High Voltage (Fever #10)(118)



He snapped, “None of her other—wait, she wanted to give her virginity to Barrons? She said that?”

I shrugged. “She was a teenager.”

“Barrons and Dani would never work,” he said tightly.

“Nobody said they would. That would be as wrong as me and you. Ew.”



He bristled. “What the bloody hell is wrong with me?”

“And there you are,” I said. “See? You don’t want to have sex with me but it sure burns when I reject you.”

He shot me an icy look. “You didn’t reject me. I wasn’t offering. But if I felt like it, I could change your mind.”

Oh, God, men. Sometimes there was nothing else you could say.



Barrons growled low in his throat.

“Not that I want to,” Ryodan said hastily. “Or would ever want to.”

Barrons growled again.

“Christ, let’s just end this conversation,” Ryodan said tightly. “It’s going nowhere.”

“Let’s,” Barrons agreed.

“Let’s not,” I said. “How did it end with you and Dani?” I pressed, worried for her.

“I left, that’s how the fuck it ended. I got out of there as fast as I could.”

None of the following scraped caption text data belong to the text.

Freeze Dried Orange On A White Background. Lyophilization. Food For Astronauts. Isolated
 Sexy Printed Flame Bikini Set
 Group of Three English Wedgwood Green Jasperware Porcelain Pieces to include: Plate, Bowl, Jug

“So, you don’t know where she went?” I needed to find her. Talk to her. See if I could help with her bruised…pride or feelings or whatever she was going through now. I said to Barrons, “I’m going to sift to her and see how she is.”

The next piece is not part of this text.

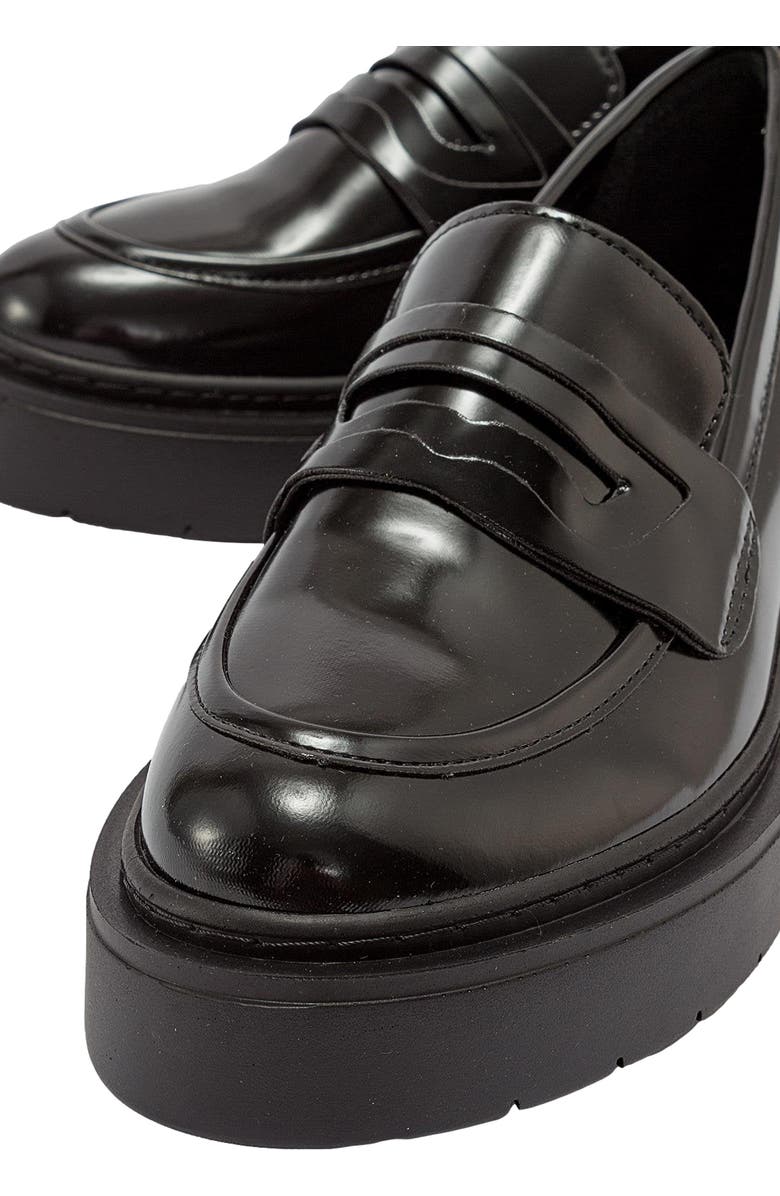 Prologue Shoes Josie Platform Loafer, Alternate, color, Black Patent Faux Leather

Ryodan stiffened, sucking in a harsh breath. “Ah, fuck! Don’t,” he growled, turning his back to me, hands fisting at his sides.

“Don’t tell me what to—”

“Don’t sift to her. Your timing would be terrible.”

I stared at him. His back was ramrod straight and he shuddered. He turned and shot Barrons an unreadable look crammed so full of an unfathomable conversation and I desperately wanted an interpretation.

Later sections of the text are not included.